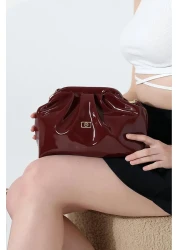 Moda Lime حقيبة يد وكتف نسائية حديثة بحزام متقاطع من الجلد اللامع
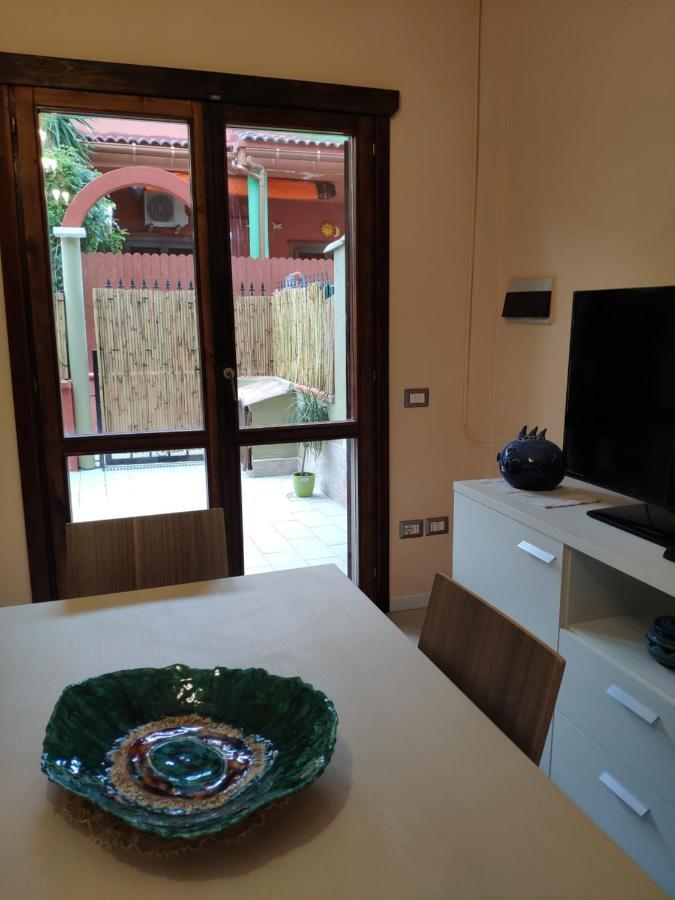 Vila La Casa Dei Poeti Villasimius Exteriér fotografie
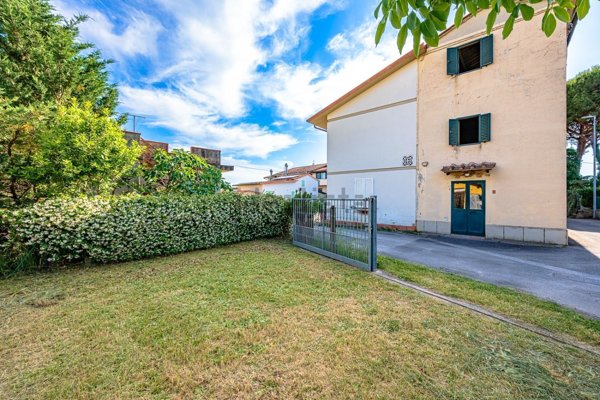 casa indipendente in vendita a Buggiano in zona Borgo a Buggiano
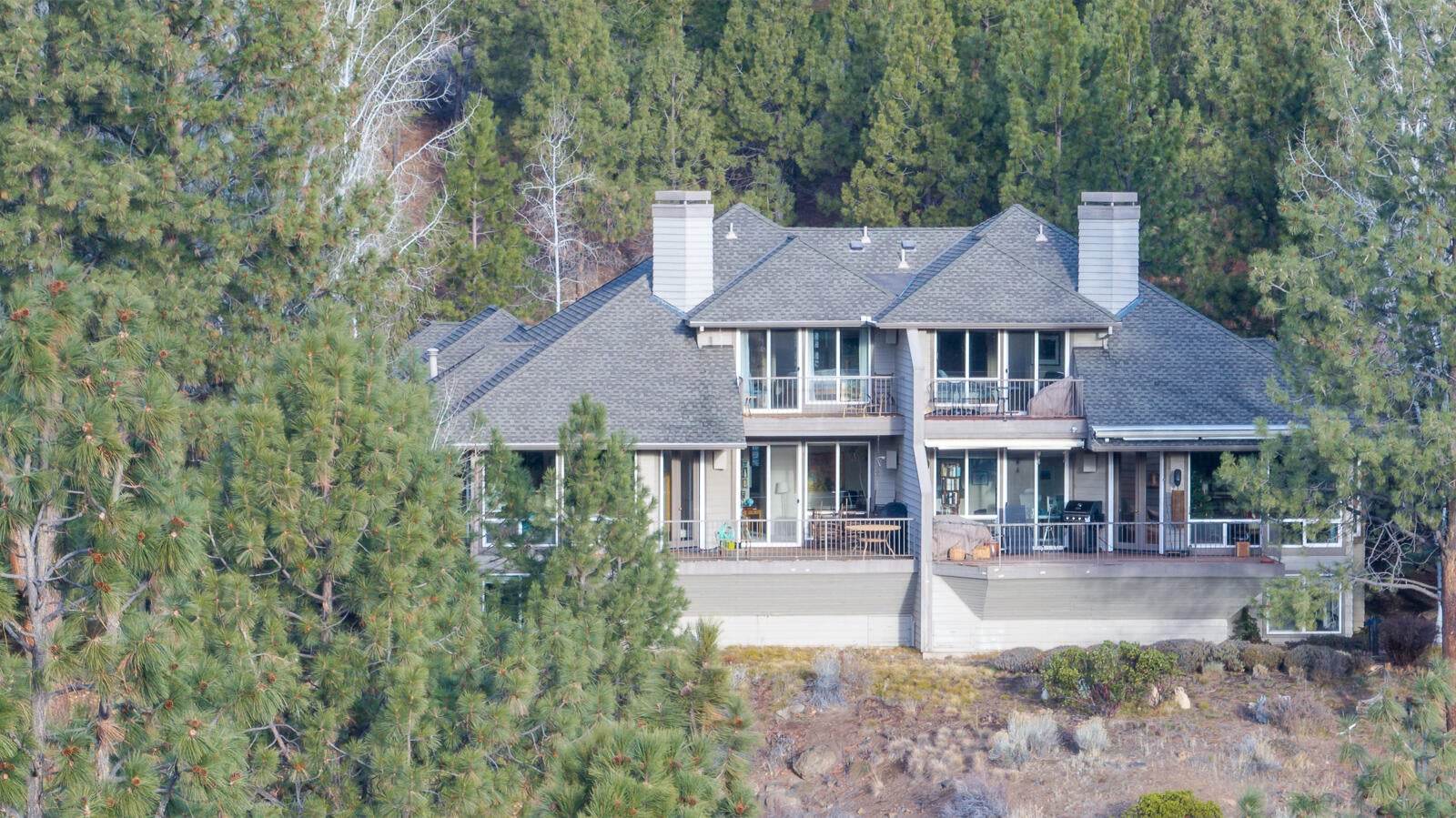 Bend, Oregon, 97702, United States, 4 Bedrooms Bedrooms, ,5 BathroomsBathrooms,Residential,Active,2007101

- - -

Leaving the pictures out, output all of the listing exactly.

 Moda Lime حقيبة يد وكتف نسائية حديثة بحزام متقاطع من الجلد اللامع
 Vila La Casa Dei Poeti Villasimius Exteriér fotografie
 casa indipendente in vendita a Buggiano in zona Borgo a Buggiano
 Bend, Oregon, 97702, United States, 4 Bedrooms Bedrooms, ,5 BathroomsBathrooms,Residential,Active,2007101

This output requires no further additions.